Untuk cover, sebetulnya konsep bangunan kuil dengan seorang gadis berkupluk merah sudah menggambarkn isi novel, hanya saja kurang sesuai lantaran tokoh utama dalam novel ini justru bukan Binar Saga. Terlebih gambar tokoh wanita di sana agak terlalu besar dan kurang seimbang dengan gambar di belakangnya. Melihat covernya, saya sempat mengira bahwa tokoh utamanya si gadis bertopi merah ini. Selain itu, saya juga menemukan beberapa missing link, pertama, masa lalu Tondi tentang neneknya: mengapa Tondi sebagai penyebab neneknya tidak juga meninggal? Kedua, secara umum, dunia astral tidak dapat diterima begitu saja sehingga oleh logika manusia biasa sehingga mestinya ada bagian khusus untuk menceritakan hal tersebut sehingga dapat diterima tokoh-tokohnya. Atau barangkali ini hanya keterbatasan pengetahuan saya mengenai perihal astral kecuali yang pernah ditampilkan di film Insidious yang pernah saya tonton. Namun, saya pikir proses deskripsi astral perlu disempurnakan lagi. Ketiga, ada ketidaksamaan konsep. Di dalam novel ini saya menangkap inkonsistensi, seperti mengapa roh Tondi dan Binar dapat terlihat di masa lalu, sedangkan Amorza tidak terlihat di dimensi sekarang? Malah prolog dalam cerita tersebut menempatkannya seperti makhluk asral sementara di masa bangsa Maya, Amorza belum meninggal.

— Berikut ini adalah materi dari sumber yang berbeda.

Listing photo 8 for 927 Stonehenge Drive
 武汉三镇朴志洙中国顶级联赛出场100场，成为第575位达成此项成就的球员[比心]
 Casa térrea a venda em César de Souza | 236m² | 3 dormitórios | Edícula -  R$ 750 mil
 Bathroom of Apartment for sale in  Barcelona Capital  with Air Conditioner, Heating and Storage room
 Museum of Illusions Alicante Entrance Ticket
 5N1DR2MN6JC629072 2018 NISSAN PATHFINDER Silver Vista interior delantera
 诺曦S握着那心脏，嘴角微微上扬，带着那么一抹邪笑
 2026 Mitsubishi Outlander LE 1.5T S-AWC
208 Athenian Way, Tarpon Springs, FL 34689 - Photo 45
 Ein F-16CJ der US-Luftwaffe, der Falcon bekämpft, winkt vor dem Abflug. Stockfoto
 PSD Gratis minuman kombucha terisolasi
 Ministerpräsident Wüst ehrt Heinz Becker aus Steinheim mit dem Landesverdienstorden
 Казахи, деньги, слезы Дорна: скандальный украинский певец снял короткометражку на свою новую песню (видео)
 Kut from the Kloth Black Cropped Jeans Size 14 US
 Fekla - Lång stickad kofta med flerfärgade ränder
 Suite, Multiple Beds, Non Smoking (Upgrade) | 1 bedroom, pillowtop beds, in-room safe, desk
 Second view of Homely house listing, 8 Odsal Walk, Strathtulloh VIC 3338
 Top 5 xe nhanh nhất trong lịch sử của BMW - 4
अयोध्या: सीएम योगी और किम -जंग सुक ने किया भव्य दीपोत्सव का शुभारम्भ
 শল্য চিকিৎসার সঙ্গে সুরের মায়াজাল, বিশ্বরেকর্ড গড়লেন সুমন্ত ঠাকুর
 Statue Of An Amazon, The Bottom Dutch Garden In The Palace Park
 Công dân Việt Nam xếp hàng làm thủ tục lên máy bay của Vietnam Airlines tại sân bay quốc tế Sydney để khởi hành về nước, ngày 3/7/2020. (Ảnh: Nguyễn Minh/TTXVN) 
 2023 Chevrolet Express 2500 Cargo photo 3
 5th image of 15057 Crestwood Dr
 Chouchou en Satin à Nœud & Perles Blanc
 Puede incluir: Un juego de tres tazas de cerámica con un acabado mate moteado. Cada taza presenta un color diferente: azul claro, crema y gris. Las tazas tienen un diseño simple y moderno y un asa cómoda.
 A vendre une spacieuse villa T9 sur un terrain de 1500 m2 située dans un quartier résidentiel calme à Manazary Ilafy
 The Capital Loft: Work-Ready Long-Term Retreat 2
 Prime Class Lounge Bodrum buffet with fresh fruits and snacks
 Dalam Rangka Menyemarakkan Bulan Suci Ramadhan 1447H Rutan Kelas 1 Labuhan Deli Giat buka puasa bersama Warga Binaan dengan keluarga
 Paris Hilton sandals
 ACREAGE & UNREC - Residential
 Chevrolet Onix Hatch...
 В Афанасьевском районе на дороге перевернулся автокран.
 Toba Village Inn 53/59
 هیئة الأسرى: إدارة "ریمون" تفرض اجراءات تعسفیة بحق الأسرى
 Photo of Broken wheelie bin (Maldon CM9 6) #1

Beberapa point dari novel ini juga terkesan datar dan agak berbelit. Tadinya saya kira bakal menemukan adegan duel bebas ala film “Gladiator” ketika masuk pada inti konflik, hehe. Tapi tak mengapa, dalam hal menulis fiksi, penulis bebas berimajinasi.
Bagaimana pun, pesan tersembunyi yang sengaja dipaparkan penulis cukup tersampaikan, apakah cinta memang dapat menembus ruang dan waktu?
“Cinta mungkin tidak akan pernah mati, namun cinta bisa saja berubah, Tondi. Melihatnya orang yang kau cintai bahagia jauh lebih penting daripada kau harus mengekangnya dalam cinta yang mungkin tak lagi sama untuk kalian berdua.” (halaman 294)
Nah, untuk pembaca muda dan remaja yang kelak menemukan buku ini, selamat membaca dan selamat menelusuri dimensi Maya.